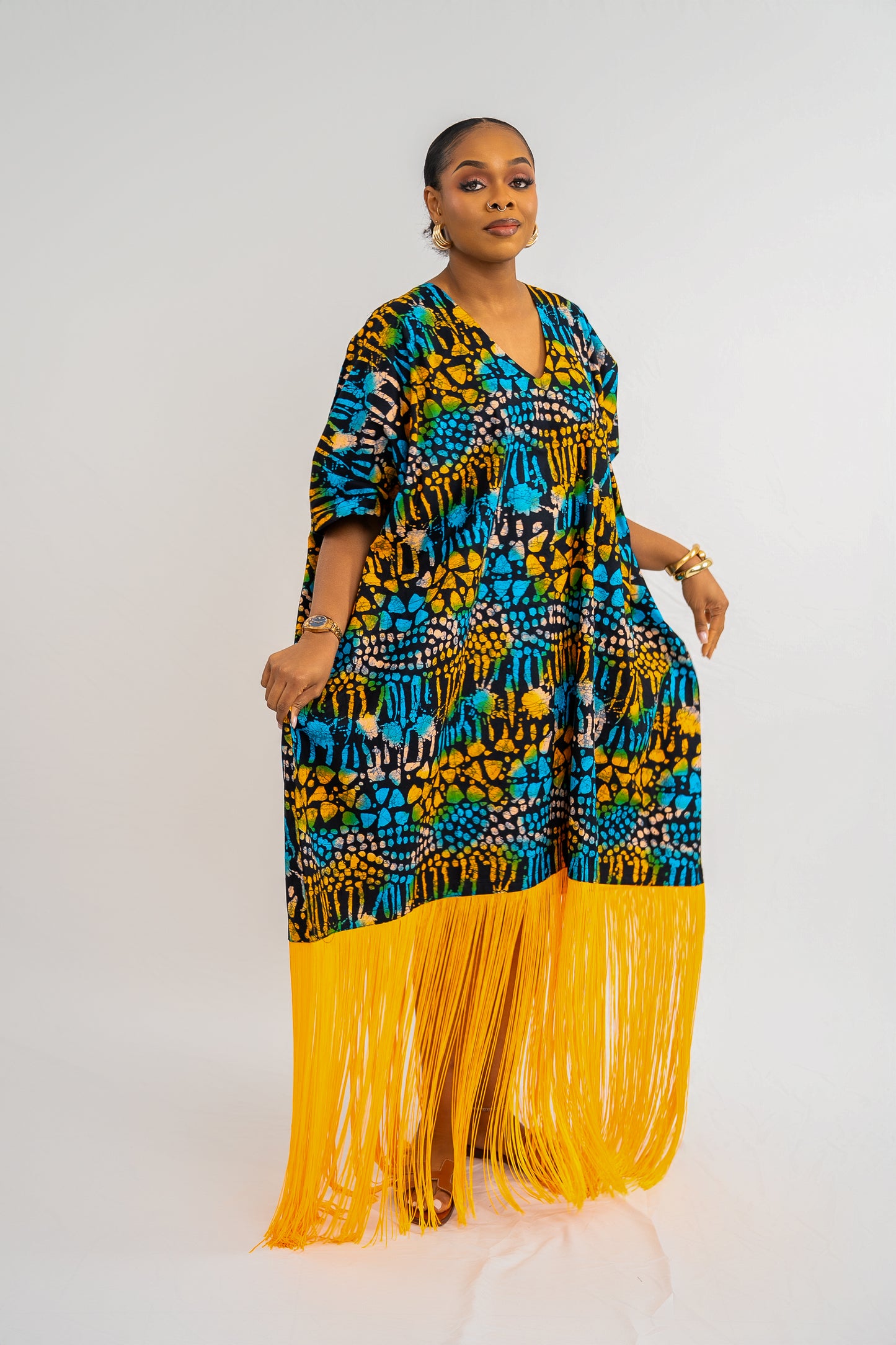 OJIUGO Yellow & Blue Print Ankara Fringe BuBu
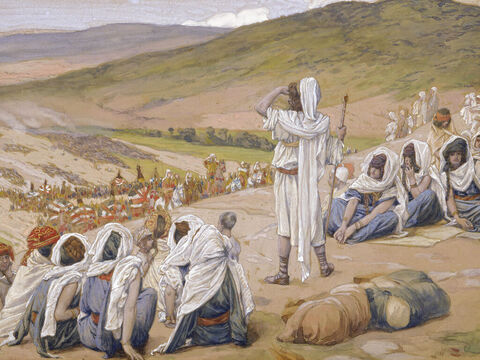 Jacob sees Esau coming to meet him.  <br/>(Cropped). <br/>James Tissot (1836-1902) – The Jewish Museum, New York. – Slide 16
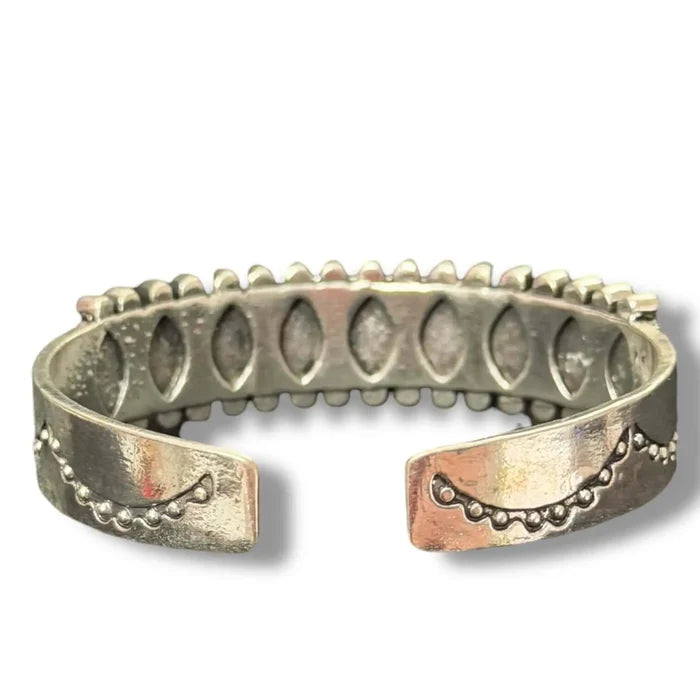 Rustic Silver Western Stone Cuff bracelet with antique etched metal and nine marquise faux stone inlays blue, green, white, or red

● **Your goal**: A word-for-word copy is required of the lines above from the line with "Jacob sees Esau" through the last line of the data; no other lines and no pictures belong in it.

● **Answer area**:
 Jacob sees Esau coming to meet him.  <br/>(Cropped). <br/>James Tissot (1836-1902) – The Jewish Museum, New York. – Slide 16
 Rustic Silver Western Stone Cuff bracelet with antique etched metal and nine marquise faux stone inlays blue, green, white, or red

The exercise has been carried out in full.